Exercise details
In the records below, find the line with "Игоръняя Ss Тишина | Петрозаводск" and the line with "Venue gallery photo"; return exactly those lines and every line between them.

Provided entries
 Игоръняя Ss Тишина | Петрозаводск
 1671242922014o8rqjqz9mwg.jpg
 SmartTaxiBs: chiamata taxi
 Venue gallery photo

---

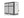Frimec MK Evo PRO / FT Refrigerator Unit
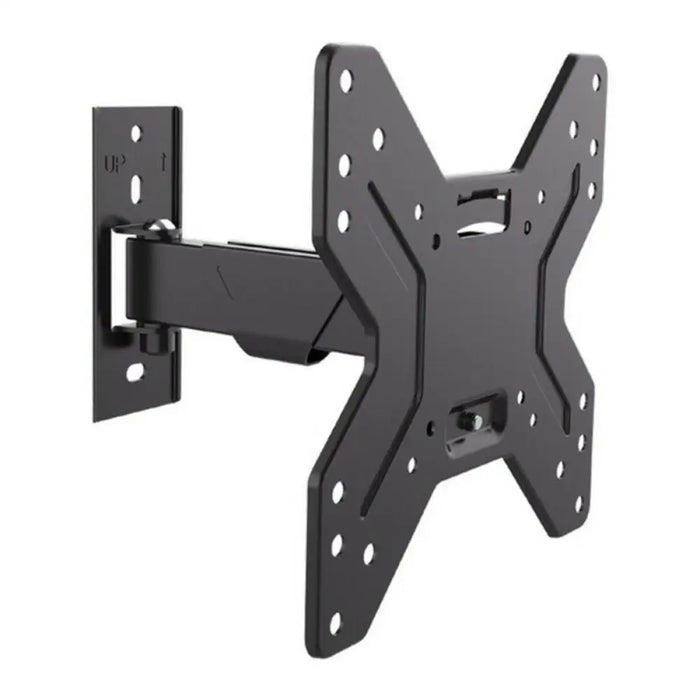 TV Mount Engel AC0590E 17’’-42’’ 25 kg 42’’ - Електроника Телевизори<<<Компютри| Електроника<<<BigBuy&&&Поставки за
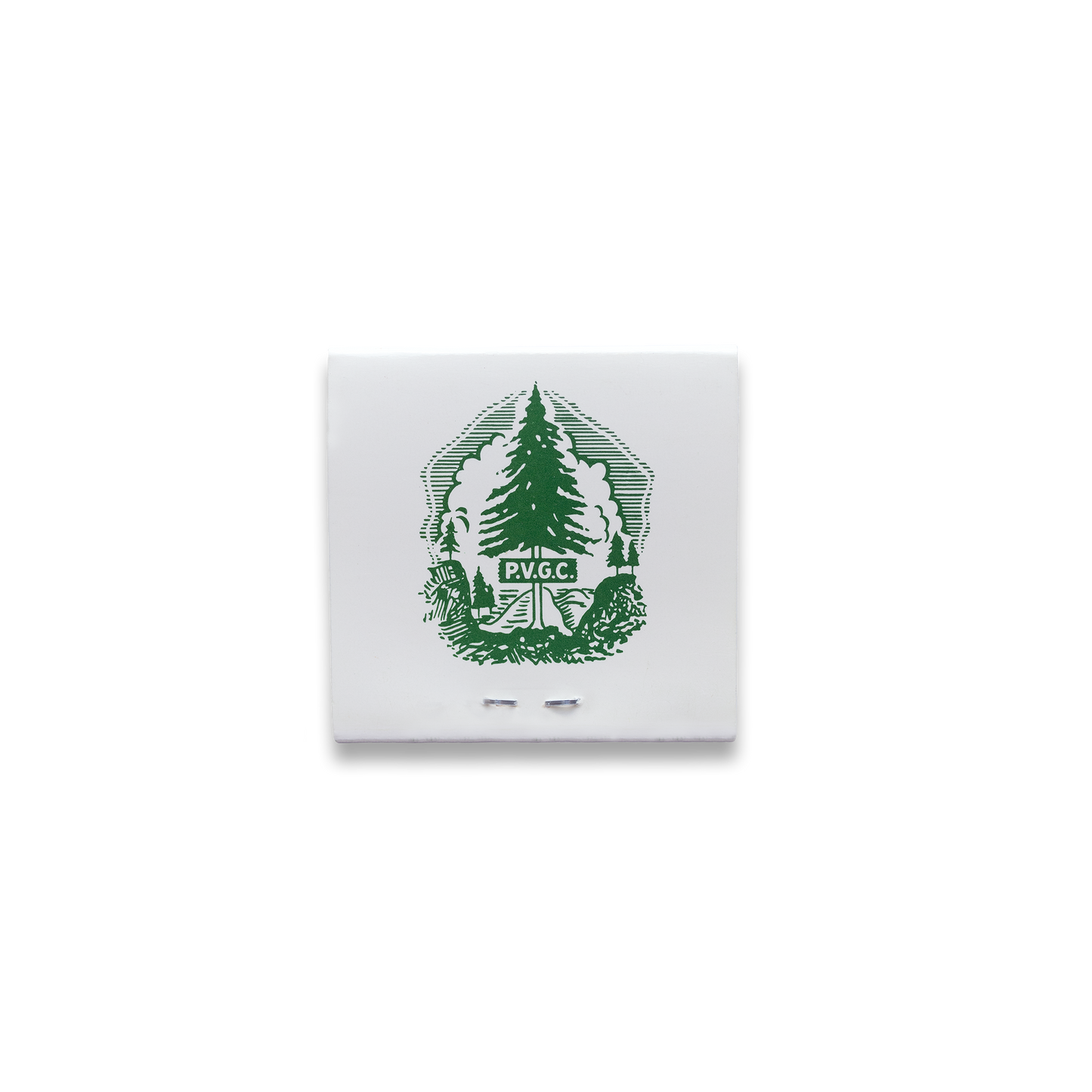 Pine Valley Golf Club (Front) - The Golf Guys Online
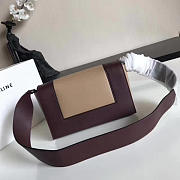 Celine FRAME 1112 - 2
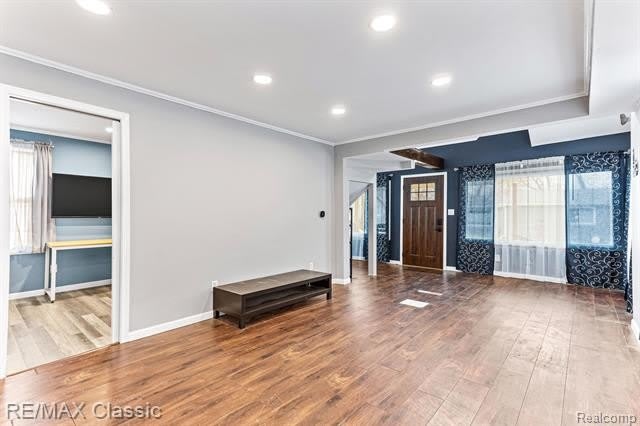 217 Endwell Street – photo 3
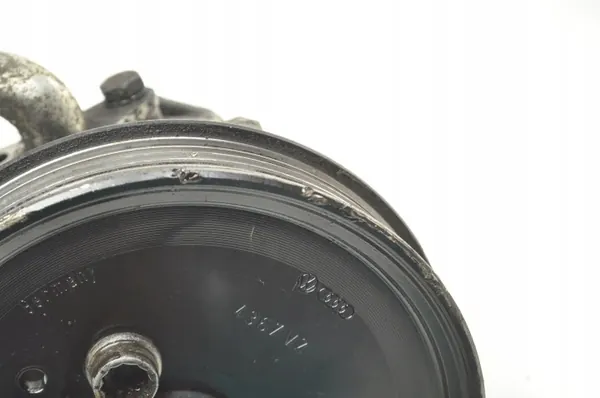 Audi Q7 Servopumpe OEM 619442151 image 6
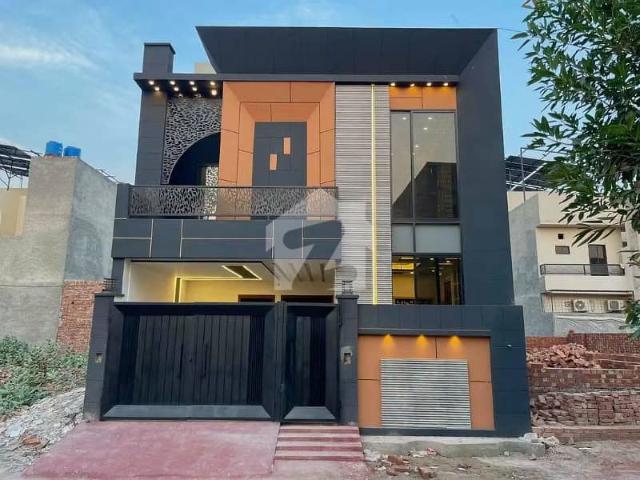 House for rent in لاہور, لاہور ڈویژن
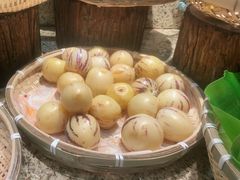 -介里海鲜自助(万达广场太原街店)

---

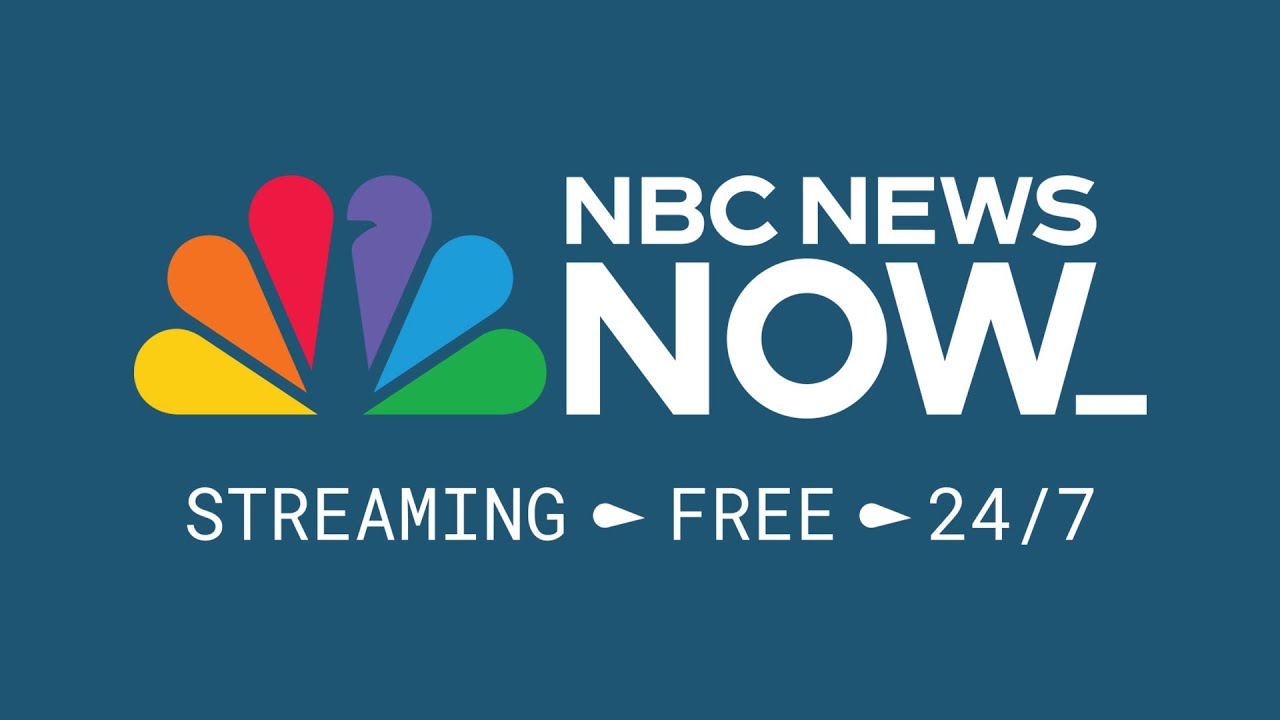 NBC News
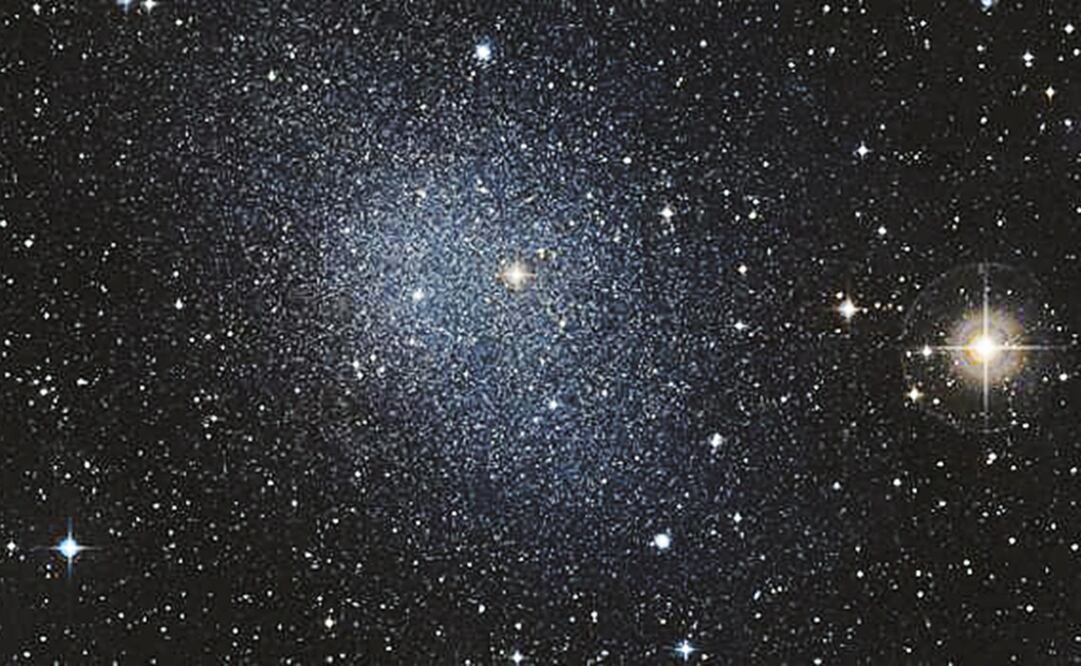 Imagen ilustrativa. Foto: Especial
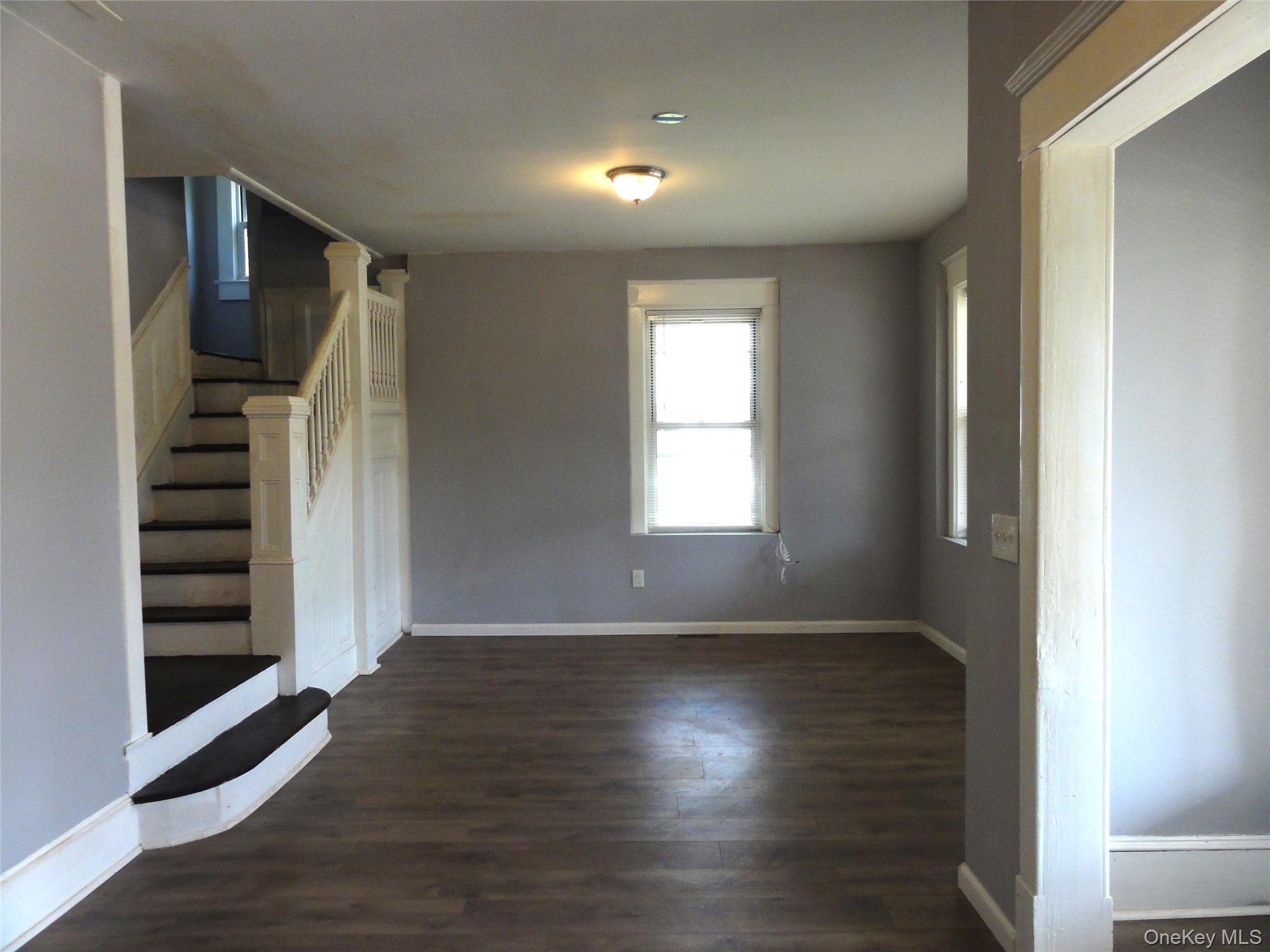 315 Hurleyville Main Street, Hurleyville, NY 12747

Solution
 Игоръняя Ss Тишина | Петрозаводск
 1671242922014o8rqjqz9mwg.jpg
 SmartTaxiBs: chiamata taxi
 Venue gallery photo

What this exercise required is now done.